Für Orson Welles war Sherlock Holmes der „Mann, der nie gelebt hat – und nie sterben wird“. Und tatsächlich: Obwohl Sir Arthur Conan Doyle, geistiger Vater des Detektivhelden, bereits 1930 starb, geht im Abbey House nach wie vor eine Flut von an Sherlock Holmes adressierten Briefen ein – Fanpost, Geburtstagsglückwünsche, Einladungen. Der Angeschriebene wird mit der Sicherstellung von Beweismaterial und Aufklärung von Fällen aller Art betraut, von Bagatell-Diebstählen bis hin zu Watergate-Filz.
Über die Jahre wurde die ehrenvolle Aufgabe der Erledigung der Holmes-Korrespondenz einer wechselnden Folge von Mitarbeitern übertragen. Der Großteil der Ansinnen wird mit der kauzigen Antwort bedacht, Mr. Holmes habe sich endgültig ins Privatleben zurückgezogen, lebe in den Sussex Downs und widme sich ausschließlich philosophischen Studien und der Bienenzucht. Das Reisen habe er aufgegeben, und leider übernehme er auch keine Fälle mehr. Gelegentlich wird ausführlicher geantwortet. So erhielt der Schreiber eines Briefes, der wissen wollte, welchen Pfeifentabak Holmes geraucht habe, die Auskunft, der Detektiv habe sich stets eine eigene Spezialmischung zusammenstellen lassen. Einem anderen wurde auf seine Frage hin, ob denn Dr. Watson nun dick oder dünn gewesen sei, eröffnet, „weder dick noch dünn, eher mittel“.
Meist ist der Tenor der Briefe devot und voller Bewunderung; einige allerdings sind äußerst bizarr. So gab es etwa den Herrn, der berichtete, er habe aus Alufolie eine Kugel kreiert, die so angewachsen sei, daß seine Frau sie schließlich in den Garten gerollt und er selbst sie dort an die Kette gelegt habe. „Gestern ist die Kugel spurlos verschwunden! Getreu den Regeln Ihrer Deduktionskunst, verehrter Mr. Holmes, gelang es mir, den Fluchtweg der Kugel anhand zweier niedergedrückter Zäune, Uberreste einer demolierten Hundehütte und eines plattgewalzten japanischen Kleinwagens quer übers Gelände zu verfolgen.“
Ich möchte fast behaupten, daß Holmes’ guter Geist bei Abbey ein verbindlicherer Korrespondent ist, als dies der Detektiv selbst gewesen wäre.
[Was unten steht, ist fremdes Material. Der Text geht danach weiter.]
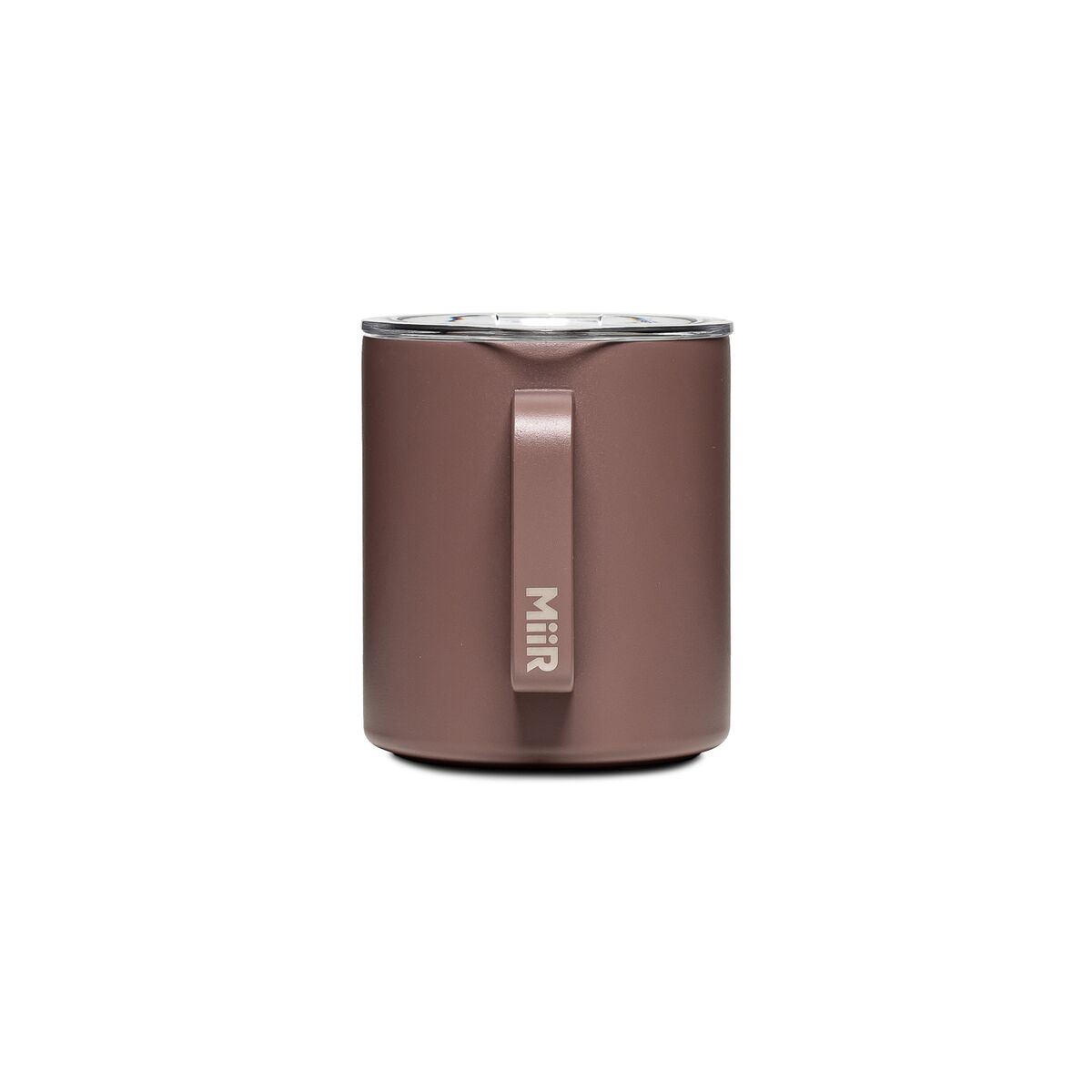 camp-cup-i7 WebPDP-12oz_Camp_Cup_Cedar_Brown_X2Studio_360__CCUSL2SV12231_f0f1d5c8-0c98-4daa-9df7-1fa02e200b17.jpg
Mit seinem hageren Gesicht, seiner Adlernase und den durchdringenden grauen Augen muß Holmes eine wahrhaft respekteinflößende, eher unnahbare Gestalt gewesen sein. Ein schwieriger Zeitgenosse, der in seiner Verschlossenheit und Überheblichkeit wenig Geduld mit Dummköpfen hatte. Von Polizisten hielt er ausgesprochen wenig, von Frauen, denen nach seinem Dafürhalten „nie ganz über den Weg zu trauen“ war, auch nicht viel. Wer seine Phantasie mit sich durchgehen ließ, erregte Holmes’ Unmut; Watson konnte ein Lied davon singen, denn mit seinem Gefolgsmann ging der große Meister hart ins Gericht, wenn dessen Schilderungen blumig wurden. Als Watson von einem alten Haus berichtet, es sei von „einer hohen, sonnenscheckigen, mit Flechten überzogenen und von Moos gekrönten Mauer eingefaßt“, fährt ihm Holmes in die Parade: „Lassen Sie die Poesie, Watson. Ich darf Ihren Worten entnehmen, daß das Haus von einer hohen Backsteinmauer umgeben ist.“
Der einzige Brief, der bei Abbey National einging, der vermutlich ganz nach dem Geschmack des Detektivs gewesen wäre, stammte von einem gewissen Mr. Hope, der einige der deduktiven Methoden des Meisters anfocht und sich beschwerte: „Ich habe versucht, mit einem großzügig in Plakatfarbe getauchten Zeigefinger Wörter auf die Wand zu malen, und mußte feststellen, daß es mir selbst nach zwanzig Minuten nicht gelingen wollte, auch nur ein einziges lesbares Wort hervorzubringen; Blut würde in der Zeit längst zu einer zähen, klebrigen, fast festen Masse geronnen sein!“
Besonders die Japaner scheinen einen Narren an Sherlock Holmes gefressen zu haben. In Tokio haben sie ihm ein Denkmal errichtet. Japanische Touristen lassen sich häufig vor der Gedenktafel photographieren, die an der Fassade des Abbey House angebracht ist. Doch ist die Bank bei weitem nicht der einzige Ort in London, welcher die Phantasie der Bewunderer des unsterblichen Detektivs beflügeln dürfte. Nur wenige Häuser weiter residiert in der Baker Street 239 ein Privatmuseum, eine getreue Nachbildung der Wohnung in der Nummer 221B. Alles sehr realistisch, sehr überzeugend; nur verrät das Interieur nichts von Holmes’ eher befremdlichen Angewohnheiten und Marotten. Untätigkeit beispielsweise lähmte den Detektiv so, daß er tagelang sein Bett nicht verließ. War er mit einem Fall befaßt, aß er nicht, da er der Überzeugung war, der Hunger erhöhe die Blutzufuhr zum Gehirn. Er bewahrte Tabak in persischen Pantoffeln auf, ließ Essensreste offen herumstehen, unerledigte Post mit dem Taschenmesser aufgespießt im hölzernen Kaminsims stecken und gebrauchte Injektionsnadeln herumliegen (Holmes war ja kokainabhängig, bis ihn Dr. Watson von der Sucht kurierte.)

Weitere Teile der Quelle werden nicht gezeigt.